I generally use auto increment IDs as Primary Keys in databases. I am trying to learn the benefits of using GUIDs. I have read this article: https://betterexplained.com/articles/the-quick-guide-to-guids/

I realise that these GUIDs are used to identify objects at the application level. Are they also stored as the primary key at the database level. For example, say I had the following class:

public class Person
{
public GUID ID;
public string Name;
..

//Person Methods follow
}

Say I wanted to create a new person in memory and then insert the Person into a database. Can I just do this:

Person p1 = new Person();
p1.ID=GUID.NewGUID();
PersonRepository.Insert(p1);

Say I had a database containing millions and millions of rows with a GUID as the Primary Key. Will this always be unique? Am I even understanding GUIDs correctly?

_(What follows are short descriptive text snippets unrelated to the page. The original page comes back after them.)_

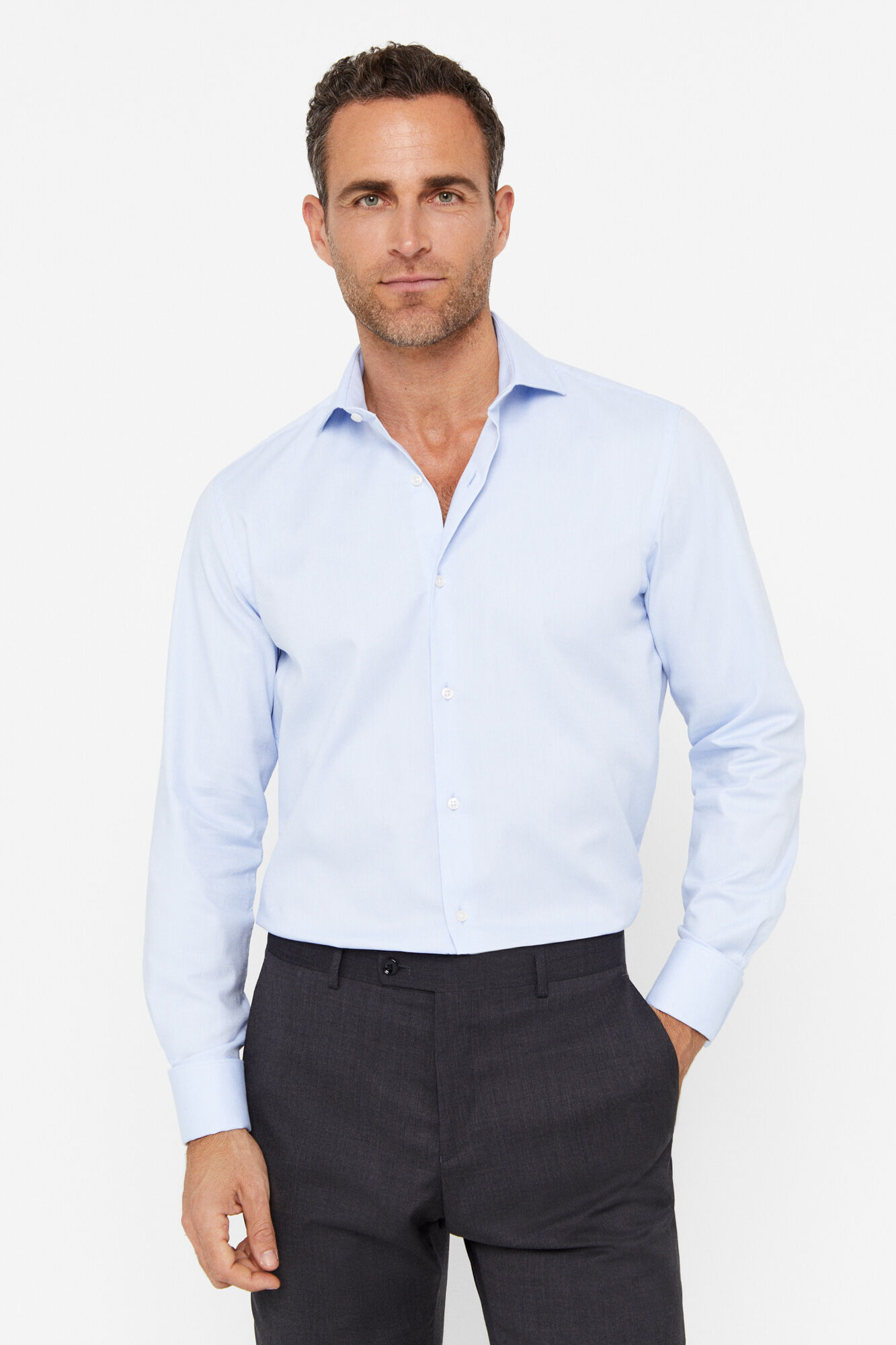 Camisa clássica gemelos - Azul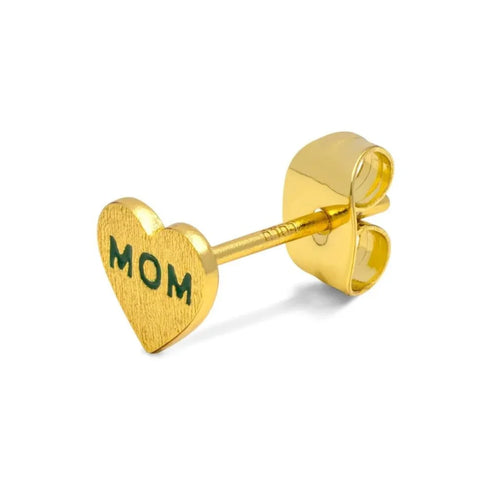 LULU Copenhagen LULU1485 Heart Mom gold plated Ear stud In Green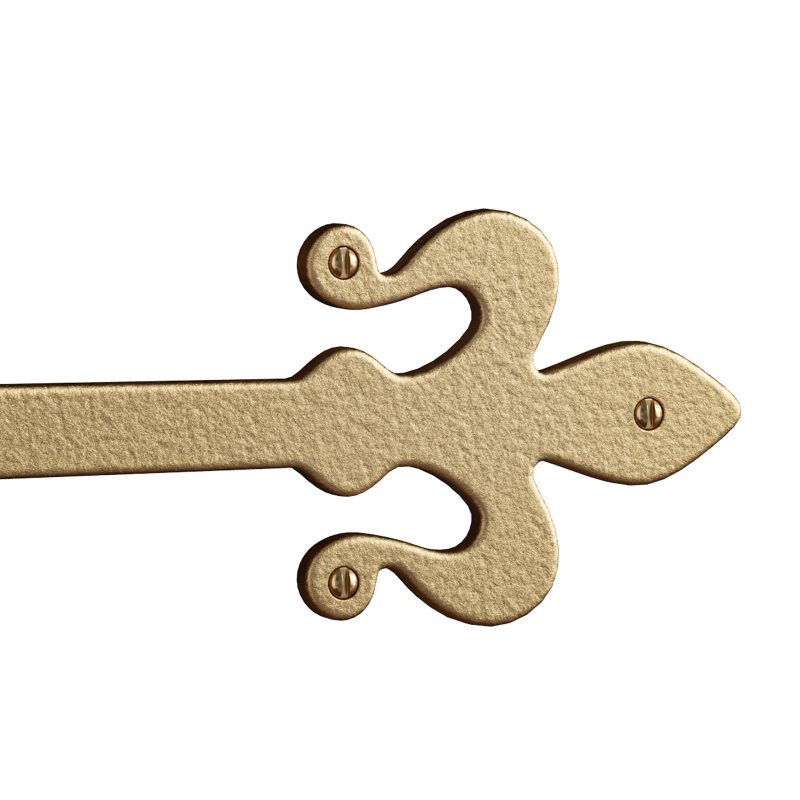 Wrought Iron Dummy Door Hinge Fleur De Lis 16″ Hinges - Image 11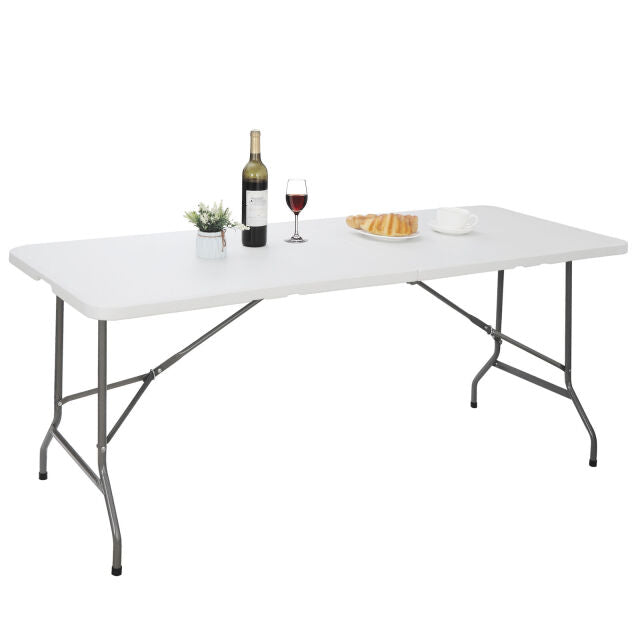 6 FT Folding Table Portable Plastic Indoor Outdoor Picnic Dining Camping Table
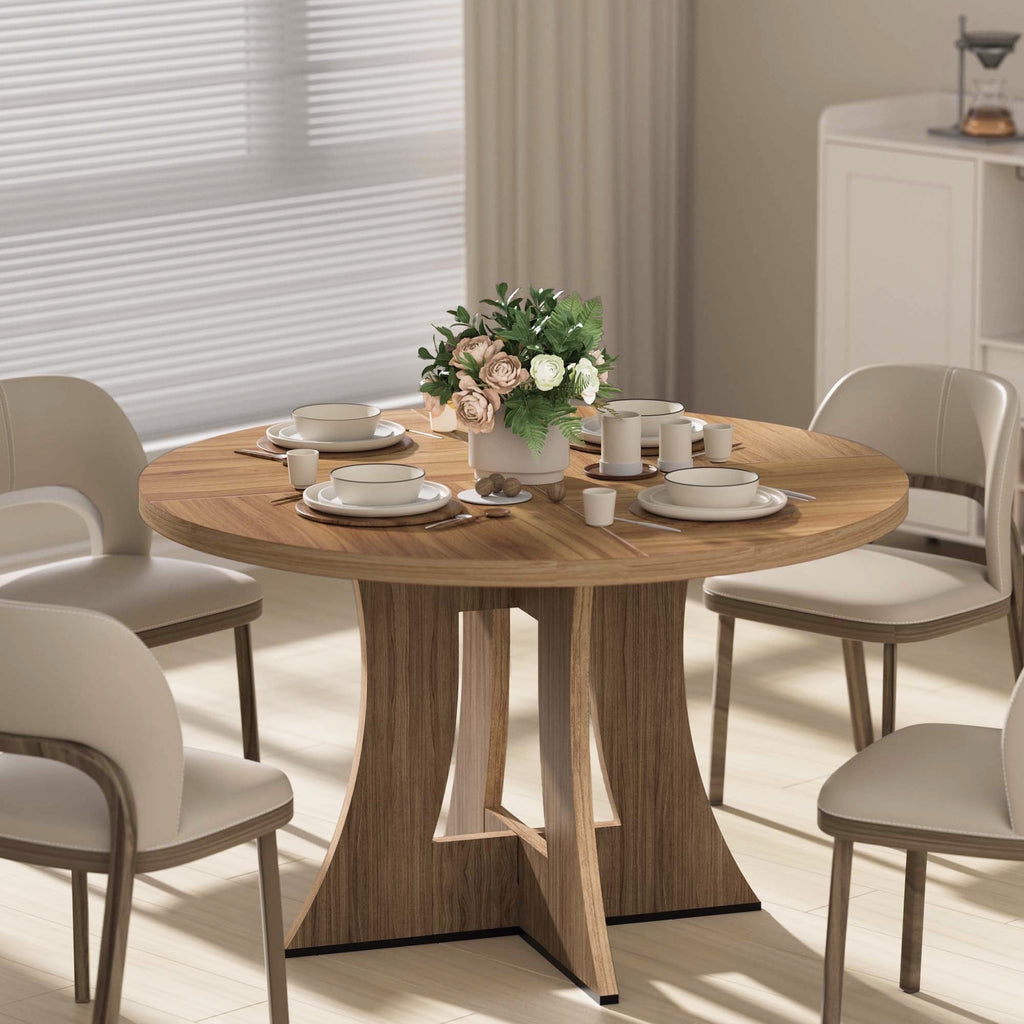 MARNUR Round Dining Table for 4 Persons 47 Kitchen Table for Dining Room Kitchen, Walnut (Only Table)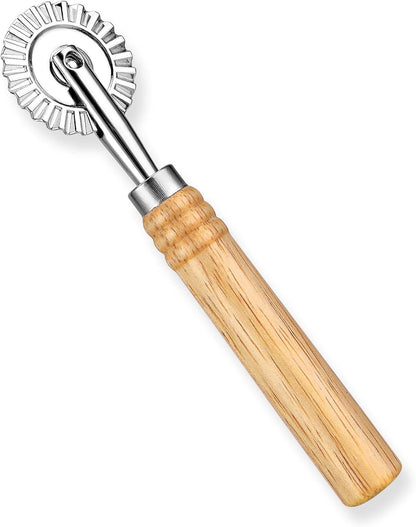 Pastry Cutter, Dough Stamp Cutter/Crimper, Pastry Wheel Cutter Tool, Stainless Steel Pasta Cutters Wheel with Wooden Handle for Home and Kitchen Use, 1.54inch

I read this article earlier: http://enterprisecraftsmanship.com/2014/11/15/cqs-with-database-generated-ids/. It confuses me a little as it appears to recommend a happy medium between GUIDs and integers as Primary Keys.

Edit 11/06/18

I have come to believe that Guids are more suitable than ints for my requirements. I am using CQRS more these days and GUIDs fit in more nicely.

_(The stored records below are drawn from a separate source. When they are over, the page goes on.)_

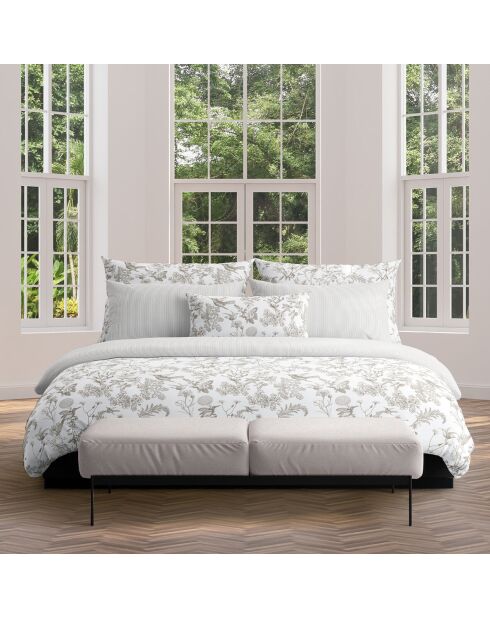Set aus 2 Kissenbezügen aus Baumwollsatin Molibri mit Blumenmuster in Taupe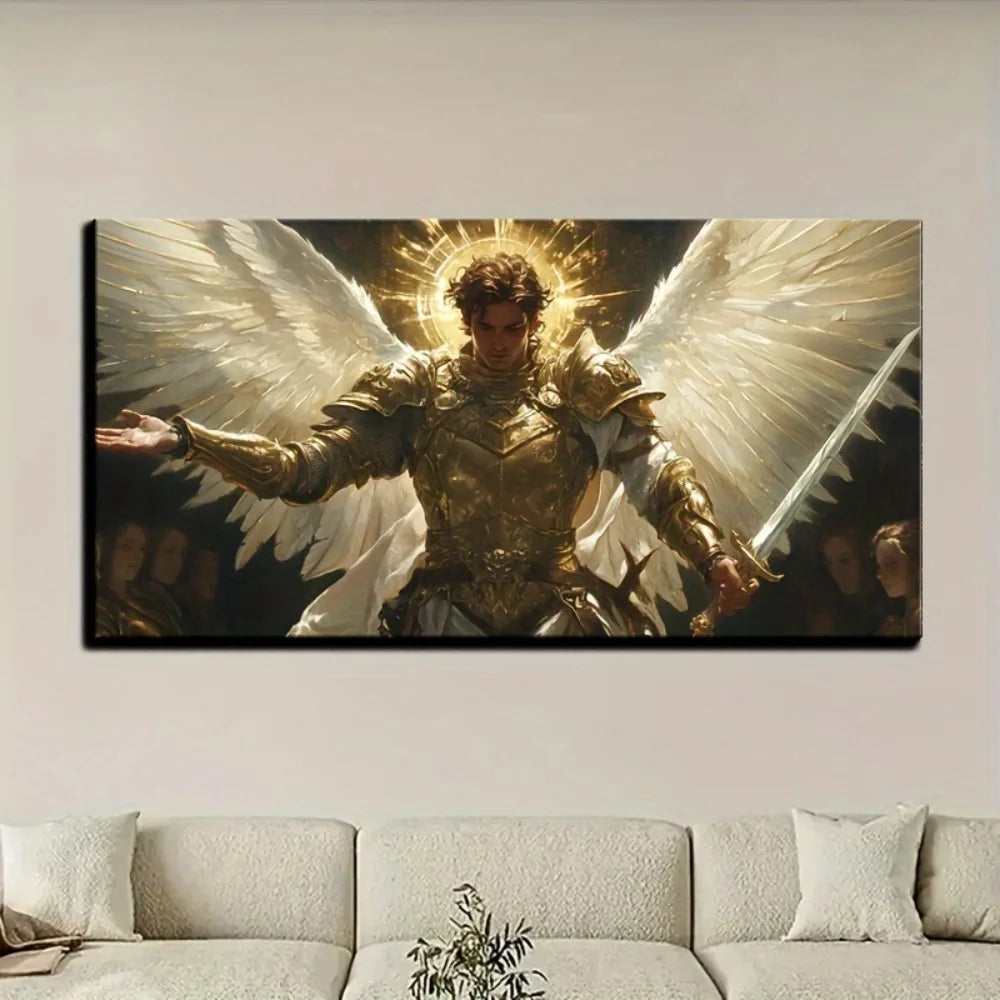 Archangel Canvas Painting Sword Design Wall Decor Frame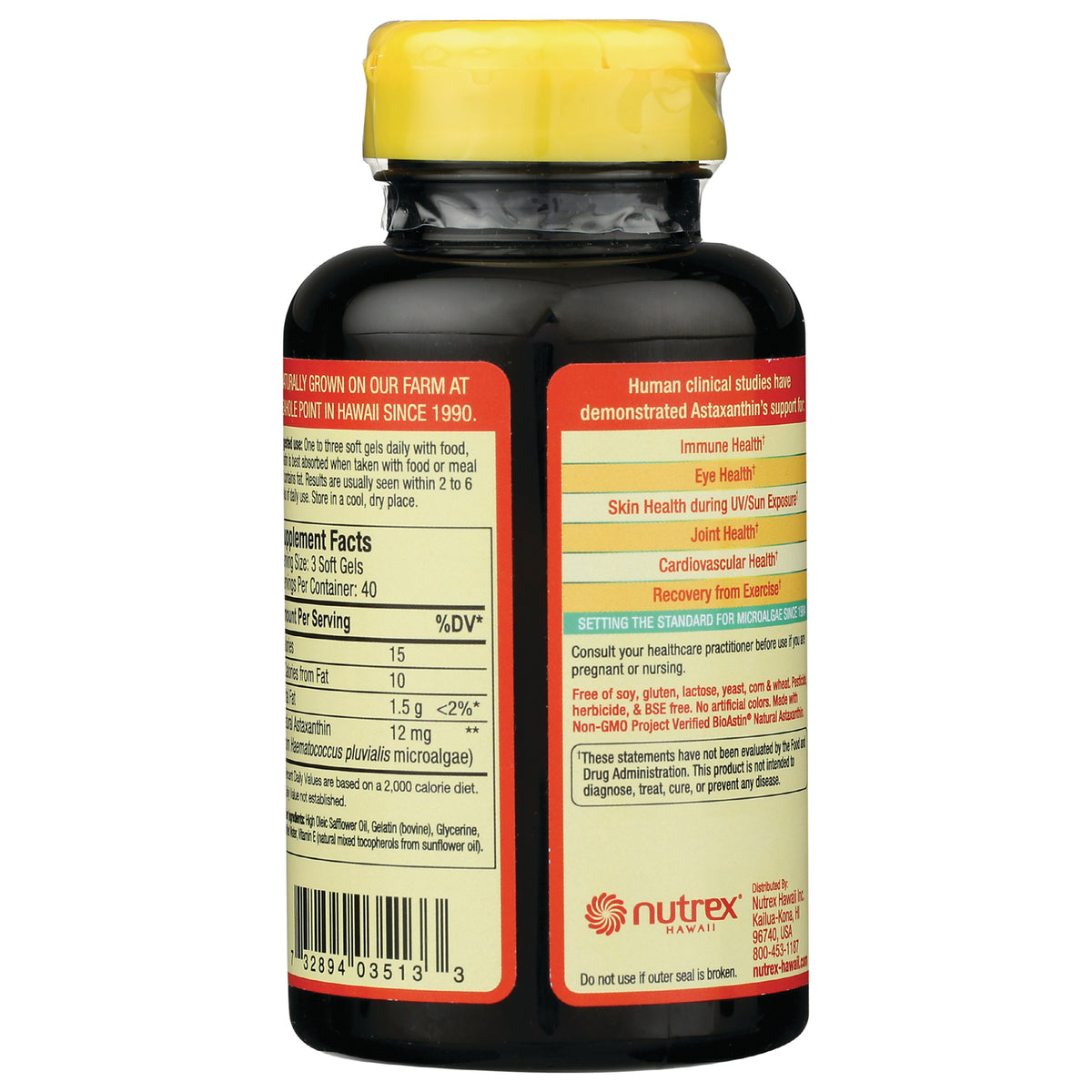 NUT006 | back of dark supplement bottle showing Supplement Facts, benefit list, barcode and Nutrex Hawaii logo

I do notice that some developers model the GUIDs as strings in the domain model e.g. here: https://github.com/dotnet-architecture/eShopOnContainers/blob/dev/src/Services/Ordering/Ordering.Domain/AggregatesModel/BuyerAggregate/Buyer.cs – in this case: IdentityGuid is a GUID modelled as a string. Is there any reason to do this other than what is stated here: Use a custom value object or a Guid as an entity identifier in a distributed system?. Is it "normal" to model the GUID as a string or should I be modelling it as a GUID in the model and database?

Best Answer

GUIDs are by definition "Globally Unique IDentifiers". There's a similar but slightly different concept in Java called UUIDs "Universally Unique IDentifiers". The names are interchangeable for all practical use.

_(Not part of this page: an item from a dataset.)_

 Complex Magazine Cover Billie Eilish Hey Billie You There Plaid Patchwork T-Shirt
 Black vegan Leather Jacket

GUIDs are central to how Microsoft envisioned database clustering to work, and if you need to incorporate data from sometimes connected sources, they really help prevent data collisions.

Some Pro-GUID Facts:

  • GUIDs prevent key collisions
  • GUIDs help with merging data between networks, machines, etc.
  • SQL Server has support for semi-sequential GUIDS to help minimize index fragmentation (ref, some caveats)

Some Ugliness with GUIDs

  • They are big, 16 bytes each
  • They are out of order, so you can't sort on ID and hope to get the insertion order like you can on auto-increment ids
  • They are more cumbersome to work with, particularly on small data sets (like look up tables)
  • The new GUID implementation is more robust on SQL Server than it is in the C# library (you can have sequential GUIDS from SQL Server, in C# it is random)

GUIDs will make your indexes bigger, so the disk space cost of indexing a column will be higher. Random GUIDs will fragment your indexes.

If you know you aren't going to synchronize data from different networks, GUIDs can carry more overhead than they are worth.

If you have a need to ingest data from sometimes connected clients, they can be a lot more robust for preventing key collisions than relying on setting sequence ranges for those clients.